Use enumerations to set multiple-choice options, like
api.Optimizers.SGD.
import torch
import ptychi.api as api
from ptychi.api.task import PtychographyTask
from ptychi.utils import get_suggested_object_size, get_default_complex_dtype, generate_initial_opr_mode_weights
torch.set_default_device("cuda") # Important: set default device to enable GPU
torch.set_default_dtype(torch.float32)
set_default_complex_dtype(torch.complex64)
data, probe, pixel_size_m, positions_px = your_data_loading_function()
# Create options
options = api.LSQMLOptions()
options.data_options.data = your_diffraction_data
options.object_options.initial_guess = torch.ones(
[1, *get_suggested_object_size(positions_px, probe.shape[-2:], extra=100)],
dtype=get_default_complex_dtype()
)
options.object_options.pixel_size_m = pixel_size_m
options.object_options.optimizable = True
options.object_options.optimizer = api.Optimizers.SGD
options.object_options.step_size = 1
options.probe_options.initial_guess = probe
options.probe_options.optimizable = True
options.probe_options.optimizer = api.Optimizers.SGD
options.probe_options.step_size = 1
options.probe_position_options.position_x_px = positions_px[:, 1]

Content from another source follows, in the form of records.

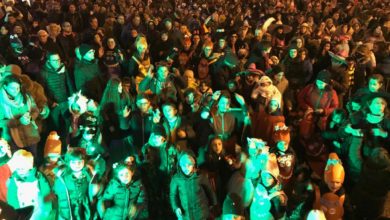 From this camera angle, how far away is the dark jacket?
14.4 feet

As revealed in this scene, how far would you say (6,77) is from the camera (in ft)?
17.2

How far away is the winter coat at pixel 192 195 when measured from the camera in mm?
4379

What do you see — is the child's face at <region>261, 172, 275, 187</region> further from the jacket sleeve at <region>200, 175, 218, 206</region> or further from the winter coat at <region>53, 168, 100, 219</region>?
the winter coat at <region>53, 168, 100, 219</region>

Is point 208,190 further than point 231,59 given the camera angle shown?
No

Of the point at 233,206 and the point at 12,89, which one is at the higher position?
the point at 12,89

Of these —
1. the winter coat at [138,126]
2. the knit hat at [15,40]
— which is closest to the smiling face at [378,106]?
the winter coat at [138,126]

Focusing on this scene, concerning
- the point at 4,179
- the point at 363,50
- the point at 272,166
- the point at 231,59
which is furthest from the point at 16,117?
the point at 363,50

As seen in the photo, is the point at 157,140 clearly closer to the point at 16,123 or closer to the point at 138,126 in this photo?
the point at 138,126

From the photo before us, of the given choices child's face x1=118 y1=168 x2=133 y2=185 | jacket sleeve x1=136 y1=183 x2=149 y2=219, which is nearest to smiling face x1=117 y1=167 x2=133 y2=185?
child's face x1=118 y1=168 x2=133 y2=185

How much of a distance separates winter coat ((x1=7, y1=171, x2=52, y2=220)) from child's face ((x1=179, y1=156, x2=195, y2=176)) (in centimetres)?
124

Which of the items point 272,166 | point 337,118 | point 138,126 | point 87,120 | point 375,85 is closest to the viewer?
point 272,166

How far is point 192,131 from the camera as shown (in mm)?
5422

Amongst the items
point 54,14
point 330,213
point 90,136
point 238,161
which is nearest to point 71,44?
point 54,14

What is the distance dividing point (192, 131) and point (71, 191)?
1.65 m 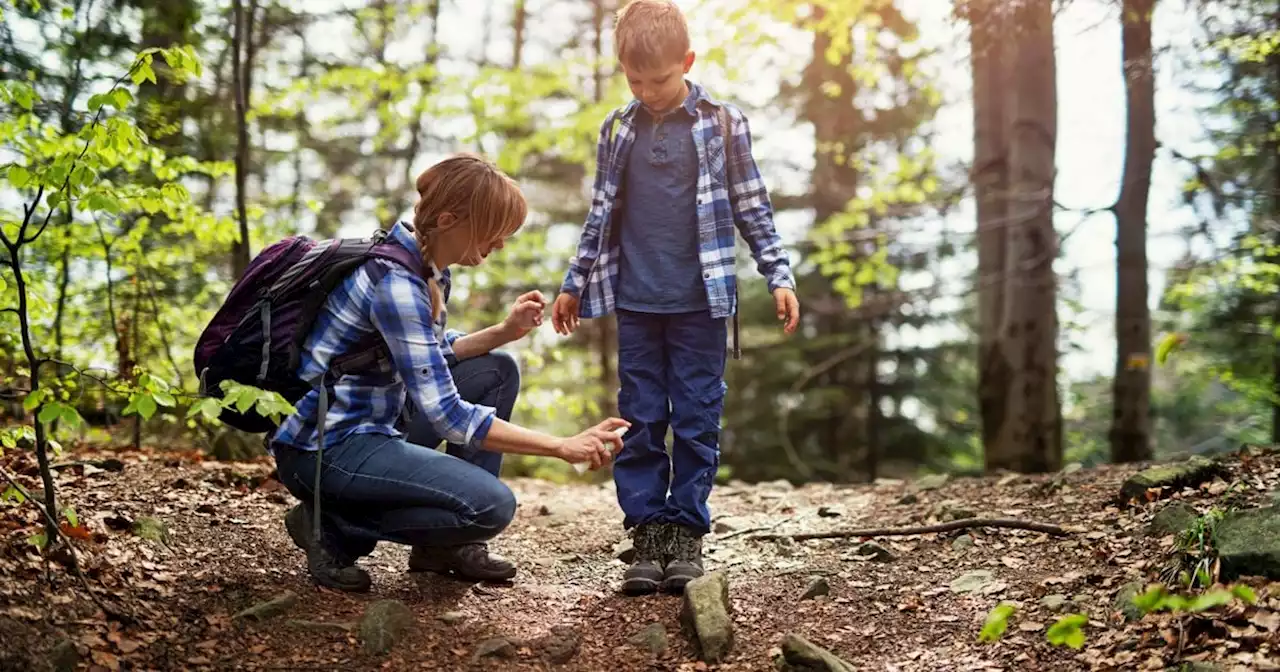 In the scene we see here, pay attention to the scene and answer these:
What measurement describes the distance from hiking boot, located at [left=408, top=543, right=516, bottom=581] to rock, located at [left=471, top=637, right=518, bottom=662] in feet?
1.88

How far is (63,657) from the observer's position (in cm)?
235

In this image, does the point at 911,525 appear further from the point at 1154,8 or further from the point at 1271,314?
the point at 1271,314

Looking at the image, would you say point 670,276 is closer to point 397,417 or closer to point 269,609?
point 397,417

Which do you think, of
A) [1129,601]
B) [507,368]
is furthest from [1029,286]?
[507,368]

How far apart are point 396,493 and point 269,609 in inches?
20.3

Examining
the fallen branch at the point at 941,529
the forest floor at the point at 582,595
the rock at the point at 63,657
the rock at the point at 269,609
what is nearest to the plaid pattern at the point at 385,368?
the rock at the point at 269,609

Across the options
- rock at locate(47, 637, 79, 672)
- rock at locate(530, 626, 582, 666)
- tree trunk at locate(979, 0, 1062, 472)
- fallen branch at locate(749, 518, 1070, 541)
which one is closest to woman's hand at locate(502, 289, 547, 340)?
rock at locate(530, 626, 582, 666)

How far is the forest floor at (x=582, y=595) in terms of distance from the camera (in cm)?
257

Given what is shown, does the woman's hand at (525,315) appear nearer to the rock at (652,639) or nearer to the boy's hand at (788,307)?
the boy's hand at (788,307)

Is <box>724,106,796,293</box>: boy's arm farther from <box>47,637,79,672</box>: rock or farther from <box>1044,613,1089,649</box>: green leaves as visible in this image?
<box>47,637,79,672</box>: rock

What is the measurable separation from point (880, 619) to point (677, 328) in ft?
4.26

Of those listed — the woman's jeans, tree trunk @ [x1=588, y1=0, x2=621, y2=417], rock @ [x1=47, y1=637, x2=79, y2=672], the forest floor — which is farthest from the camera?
tree trunk @ [x1=588, y1=0, x2=621, y2=417]

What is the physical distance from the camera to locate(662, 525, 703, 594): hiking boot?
3.35 meters

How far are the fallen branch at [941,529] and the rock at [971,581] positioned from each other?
46 centimetres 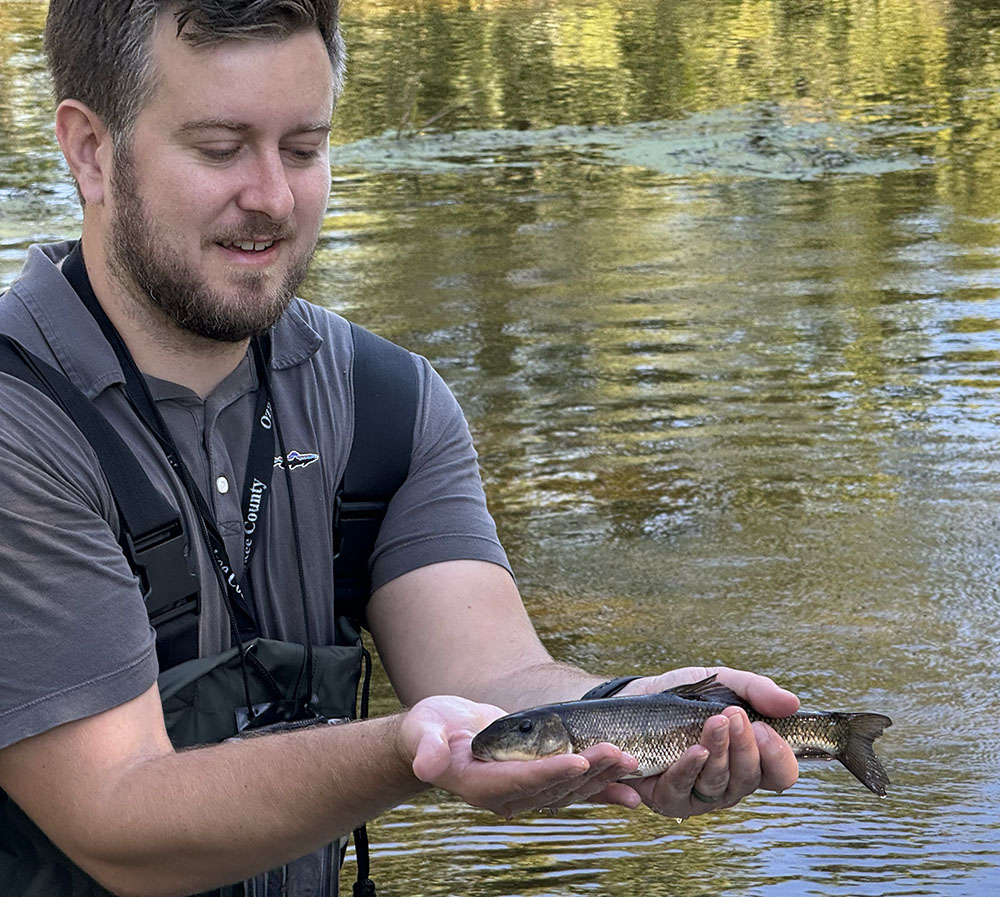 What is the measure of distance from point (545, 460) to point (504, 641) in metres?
4.59

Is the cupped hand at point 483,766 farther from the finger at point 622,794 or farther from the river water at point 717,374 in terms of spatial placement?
the river water at point 717,374

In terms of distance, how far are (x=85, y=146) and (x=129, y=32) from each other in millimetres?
268

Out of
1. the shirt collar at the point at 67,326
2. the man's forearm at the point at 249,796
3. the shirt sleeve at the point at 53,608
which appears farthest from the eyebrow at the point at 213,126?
the man's forearm at the point at 249,796

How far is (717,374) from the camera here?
29.2 ft

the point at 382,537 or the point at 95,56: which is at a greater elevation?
the point at 95,56

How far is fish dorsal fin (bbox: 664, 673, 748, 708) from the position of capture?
2914mm

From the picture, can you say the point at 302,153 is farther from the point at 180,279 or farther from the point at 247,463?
the point at 247,463

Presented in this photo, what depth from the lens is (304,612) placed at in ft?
10.4

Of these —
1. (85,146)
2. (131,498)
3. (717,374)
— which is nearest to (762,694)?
(131,498)

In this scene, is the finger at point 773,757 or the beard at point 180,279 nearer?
the finger at point 773,757

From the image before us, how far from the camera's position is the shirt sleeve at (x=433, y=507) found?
3287 millimetres

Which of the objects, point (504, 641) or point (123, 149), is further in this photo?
point (504, 641)

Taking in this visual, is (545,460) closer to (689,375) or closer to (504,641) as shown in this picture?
(689,375)

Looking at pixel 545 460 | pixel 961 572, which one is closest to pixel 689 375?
pixel 545 460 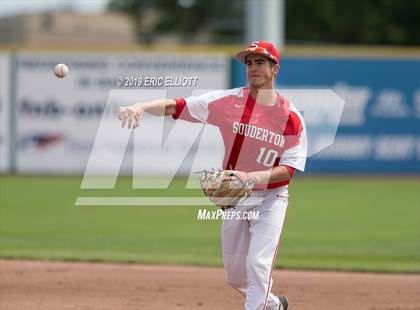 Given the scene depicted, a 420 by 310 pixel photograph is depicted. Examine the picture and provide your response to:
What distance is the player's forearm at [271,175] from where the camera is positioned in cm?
698

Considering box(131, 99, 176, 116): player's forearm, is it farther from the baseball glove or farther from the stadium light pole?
the stadium light pole

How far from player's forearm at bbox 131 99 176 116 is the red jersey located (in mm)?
77

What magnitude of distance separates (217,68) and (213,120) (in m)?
15.2

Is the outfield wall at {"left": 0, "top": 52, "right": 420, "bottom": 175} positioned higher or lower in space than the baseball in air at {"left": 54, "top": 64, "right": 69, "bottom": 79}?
lower

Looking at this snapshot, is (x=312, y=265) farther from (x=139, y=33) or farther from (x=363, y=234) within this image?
(x=139, y=33)

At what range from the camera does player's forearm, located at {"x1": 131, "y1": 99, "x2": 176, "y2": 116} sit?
7039 mm

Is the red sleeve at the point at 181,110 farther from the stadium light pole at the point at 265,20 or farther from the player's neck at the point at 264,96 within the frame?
the stadium light pole at the point at 265,20

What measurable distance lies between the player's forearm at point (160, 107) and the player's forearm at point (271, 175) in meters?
0.86

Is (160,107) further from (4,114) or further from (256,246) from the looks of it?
(4,114)

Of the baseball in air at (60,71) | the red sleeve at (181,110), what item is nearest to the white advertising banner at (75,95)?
the baseball in air at (60,71)

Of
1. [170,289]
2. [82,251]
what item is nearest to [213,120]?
[170,289]

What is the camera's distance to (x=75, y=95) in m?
22.6

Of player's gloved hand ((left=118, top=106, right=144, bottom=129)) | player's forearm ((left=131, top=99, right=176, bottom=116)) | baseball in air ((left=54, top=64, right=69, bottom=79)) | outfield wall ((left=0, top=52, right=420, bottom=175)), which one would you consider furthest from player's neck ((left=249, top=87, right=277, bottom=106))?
outfield wall ((left=0, top=52, right=420, bottom=175))

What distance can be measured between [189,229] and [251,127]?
8229mm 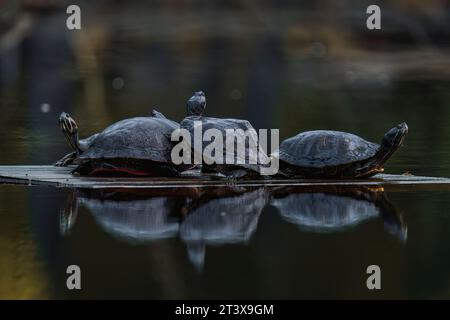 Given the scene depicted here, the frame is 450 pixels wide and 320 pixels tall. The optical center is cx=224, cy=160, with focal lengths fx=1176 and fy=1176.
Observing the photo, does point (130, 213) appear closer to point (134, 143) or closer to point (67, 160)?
point (134, 143)

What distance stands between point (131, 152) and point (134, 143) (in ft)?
0.32

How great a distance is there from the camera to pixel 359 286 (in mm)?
6883

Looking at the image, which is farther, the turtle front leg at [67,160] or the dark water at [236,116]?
the turtle front leg at [67,160]

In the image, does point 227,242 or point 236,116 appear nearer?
point 227,242

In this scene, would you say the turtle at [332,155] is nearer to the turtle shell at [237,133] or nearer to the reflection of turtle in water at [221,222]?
the turtle shell at [237,133]

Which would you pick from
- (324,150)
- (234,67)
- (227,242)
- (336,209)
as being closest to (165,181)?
A: (324,150)

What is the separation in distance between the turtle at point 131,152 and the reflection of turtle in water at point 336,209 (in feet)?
4.69

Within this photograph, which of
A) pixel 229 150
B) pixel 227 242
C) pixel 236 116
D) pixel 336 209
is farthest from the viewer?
pixel 236 116

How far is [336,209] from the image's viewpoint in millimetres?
9609

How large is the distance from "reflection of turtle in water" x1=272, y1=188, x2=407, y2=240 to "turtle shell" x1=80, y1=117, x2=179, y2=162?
1.46 m

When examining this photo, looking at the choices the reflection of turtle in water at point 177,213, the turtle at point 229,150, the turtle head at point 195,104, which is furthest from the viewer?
the turtle head at point 195,104

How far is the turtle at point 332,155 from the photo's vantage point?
37.5 ft

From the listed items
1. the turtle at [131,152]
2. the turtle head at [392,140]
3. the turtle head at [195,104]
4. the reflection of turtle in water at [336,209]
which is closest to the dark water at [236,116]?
the reflection of turtle in water at [336,209]

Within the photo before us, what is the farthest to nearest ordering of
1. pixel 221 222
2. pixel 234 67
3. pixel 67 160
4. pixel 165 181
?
pixel 234 67 → pixel 67 160 → pixel 165 181 → pixel 221 222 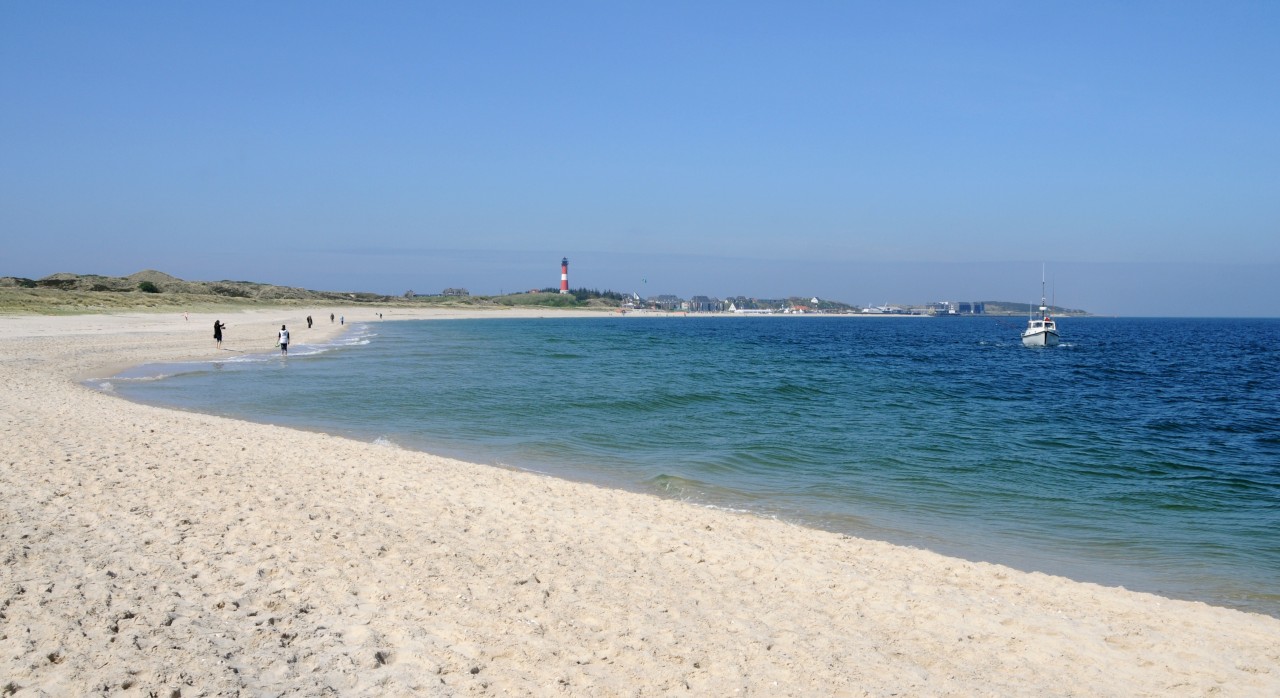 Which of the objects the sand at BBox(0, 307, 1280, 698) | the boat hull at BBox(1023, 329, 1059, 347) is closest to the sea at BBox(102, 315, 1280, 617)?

options.probe_position_options.position_y_px = positions_px[:, 0]
options.probe_position_options.optimizable = False
options.opr_mode_weight_options.initial_weights = generate_initial_opr_mode_weights(len(positions_px), probe.shape[0])
options.opr_mode_weight_options.optimizable = True
options.opr_mode_weight_options.update_relaxation = 0.1
options.reconstructor_options.batch_size = 44
options.reconstructor_options.noise_model = api.NoiseModels.GAUSSIAN
options.reconstructor_options.num_epochs = 8
# Run reconstruction
task = PtychographyTask(options)
task.run()
# To get and save results after every ``save_interval`` epochs, you can also do:
# for epoch in range(0, options.reconstructor_options.num_epochs, save_interval):
# task.run(save_interval)
# recon = task.get_data_to_cpu('object', as_numpy=True)[0]
# np.save(recon, f"recon_epoch_{epoch}.npy")
recon = task.get_data_to_cpu('object', as_numpy=True)[0]
# Or use
# recon = task.object.get_object_in_roi().cpu().numpy()
# To get the reconstructed object within the ROI.
Pty-Chi’s repository contains a collection of testers that also serve as example scripts. You can find them in the test/ directory.